講演後は、「歩く」をテーマに未来の履き物を考えるワークショップを実施。 小雨の降る中でしたが、参加者は素足になって学内を歩き、芝生やコンクリート、砂利など、さまざまな地面の感触を楽しみました。 その後、感じ取ったことを元にグループワークを行い、未来の社会や暮らしの中で求められる新しい履き物のアイデアを考案しました。


短い時間ながらも、体験から未来を構想する機会となり、参加者にとって学びの多い時間となりました。田中先生ありがとうございました!
参加学生のコメント
思考より身体的感覚で感性を磨くことが重要だという点に共感しました。AIが普及して、膨大な情報からアイデアが出せるようになったので、人間だから出せるアイデアが何かを考えた時に身体的感覚であったり言葉にならないような感動であると思いました。そして、「いずれ虚構と現実の境がわからなくなる」という言葉が出た時に、私が田中先生の授業でテーマとして挙げている体験型ゲームを想起しました。ゲームが2次元から3次元へと進化を遂げて、それこそ身体的感覚を取り入れられるようになっていると感じます。私は、他者が作り上げた身体的感覚の体験をすることで、より共感性が上がり他人に対する解像度が上がるのではないかと考えています。
私にとって未来とは「あったらいいな」が実現している世界です。田中聡一郎先生が仰っていたデザインの本質は「本来はこうあるべきじゃん?」をデザインすること、という言葉が印象に残りました。こうあるべきは現在達成されていると思っていても、もしかすると誰も気づいていない価値や概念があるかもしれないと感じました。講義では、既存の思い込みや概念を取っ払うような斬新なアイデアがあり、デザインは自由でいいと感じると同時に商業的、経済的な立ち回りも考える必要があることがわかりました。多角的な視点が必要であるという考え方は総合領域の学びに通じるものがありました。

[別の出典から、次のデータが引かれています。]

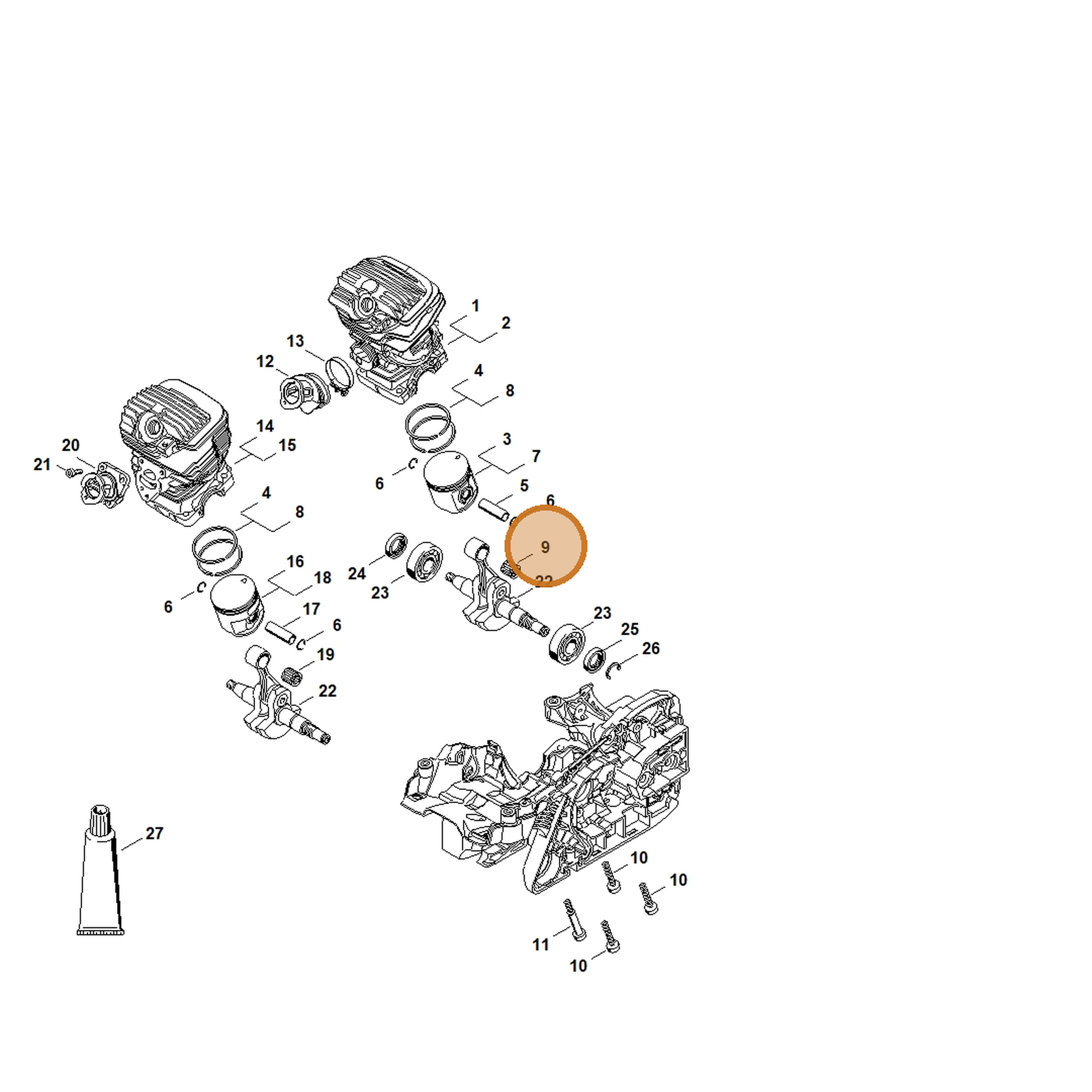 STIHL part 9512-003-2333 — IPL diagram snippet (6x zoom, amber highlight)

私にとって「未来」とは、特別なものではなく、日常の中からゆっくりと形づくられていくものだと感じました。今日の特別講義では、下駄の未来について話し合ったり、素足で校舎を歩いてみたりと、普段あまり意識しない感覚に向き合う時間がありました。知らない人同士で意見を交わすことで、自分だけでは思いつかない考えに触れることができ、未来は一人で作るものではなく、人との関わりの中で変わっていくものだと思いました。大きな答えを出すというより、ちょっとした気づきや視点の違いを積み重ねていくことが、未来につながるのだと感じました。